----- Dataset records
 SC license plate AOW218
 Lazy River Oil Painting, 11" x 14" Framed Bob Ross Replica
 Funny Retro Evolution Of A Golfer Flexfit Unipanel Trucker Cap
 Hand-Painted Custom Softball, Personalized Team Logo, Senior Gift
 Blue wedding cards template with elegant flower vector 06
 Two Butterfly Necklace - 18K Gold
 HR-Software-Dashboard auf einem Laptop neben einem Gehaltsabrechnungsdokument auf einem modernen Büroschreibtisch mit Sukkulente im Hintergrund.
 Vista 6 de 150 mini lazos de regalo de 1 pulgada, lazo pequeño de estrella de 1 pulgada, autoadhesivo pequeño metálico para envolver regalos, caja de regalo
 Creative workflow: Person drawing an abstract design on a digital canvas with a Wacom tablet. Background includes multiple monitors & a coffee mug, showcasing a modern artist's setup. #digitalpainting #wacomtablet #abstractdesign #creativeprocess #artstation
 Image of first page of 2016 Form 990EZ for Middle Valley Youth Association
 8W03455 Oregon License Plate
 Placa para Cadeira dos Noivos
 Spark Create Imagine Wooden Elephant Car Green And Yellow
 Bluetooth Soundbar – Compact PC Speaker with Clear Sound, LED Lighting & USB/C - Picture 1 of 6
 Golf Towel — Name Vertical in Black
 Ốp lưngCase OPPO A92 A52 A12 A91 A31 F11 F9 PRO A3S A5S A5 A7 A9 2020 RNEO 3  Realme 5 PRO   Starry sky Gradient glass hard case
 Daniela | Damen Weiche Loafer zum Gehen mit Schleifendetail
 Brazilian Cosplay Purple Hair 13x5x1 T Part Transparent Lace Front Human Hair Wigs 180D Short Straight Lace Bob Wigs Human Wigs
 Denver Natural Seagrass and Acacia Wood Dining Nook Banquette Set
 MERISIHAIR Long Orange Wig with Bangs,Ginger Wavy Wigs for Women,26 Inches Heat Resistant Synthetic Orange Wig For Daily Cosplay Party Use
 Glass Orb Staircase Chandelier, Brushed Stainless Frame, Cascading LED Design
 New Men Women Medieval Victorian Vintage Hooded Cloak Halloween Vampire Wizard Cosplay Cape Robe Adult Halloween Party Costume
----------
What the exercise asks =>
All of the entries must be printed again exactly as given.

Response box =>
 SC license plate AOW218
 Lazy River Oil Painting, 11" x 14" Framed Bob Ross Replica
 Funny Retro Evolution Of A Golfer Flexfit Unipanel Trucker Cap
 Hand-Painted Custom Softball, Personalized Team Logo, Senior Gift
 Blue wedding cards template with elegant flower vector 06
 Two Butterfly Necklace - 18K Gold
 HR-Software-Dashboard auf einem Laptop neben einem Gehaltsabrechnungsdokument auf einem modernen Büroschreibtisch mit Sukkulente im Hintergrund.
 Vista 6 de 150 mini lazos de regalo de 1 pulgada, lazo pequeño de estrella de 1 pulgada, autoadhesivo pequeño metálico para envolver regalos, caja de regalo
 Creative workflow: Person drawing an abstract design on a digital canvas with a Wacom tablet. Background includes multiple monitors & a coffee mug, showcasing a modern artist's setup. #digitalpainting #wacomtablet #abstractdesign #creativeprocess #artstation
 Image of first page of 2016 Form 990EZ for Middle Valley Youth Association
 8W03455 Oregon License Plate
 Placa para Cadeira dos Noivos
 Spark Create Imagine Wooden Elephant Car Green And Yellow
 Bluetooth Soundbar – Compact PC Speaker with Clear Sound, LED Lighting & USB/C - Picture 1 of 6
 Golf Towel — Name Vertical in Black
 Ốp lưngCase OPPO A92 A52 A12 A91 A31 F11 F9 PRO A3S A5S A5 A7 A9 2020 RNEO 3  Realme 5 PRO   Starry sky Gradient glass hard case
 Daniela | Damen Weiche Loafer zum Gehen mit Schleifendetail
 Brazilian Cosplay Purple Hair 13x5x1 T Part Transparent Lace Front Human Hair Wigs 180D Short Straight Lace Bob Wigs Human Wigs
 Denver Natural Seagrass and Acacia Wood Dining Nook Banquette Set
 MERISIHAIR Long Orange Wig with Bangs,Ginger Wavy Wigs for Women,26 Inches Heat Resistant Synthetic Orange Wig For Daily Cosplay Party Use
 Glass Orb Staircase Chandelier, Brushed Stainless Frame, Cascading LED Design
 New Men Women Medieval Victorian Vintage Hooded Cloak Halloween Vampire Wizard Cosplay Cape Robe Adult Halloween Party Costume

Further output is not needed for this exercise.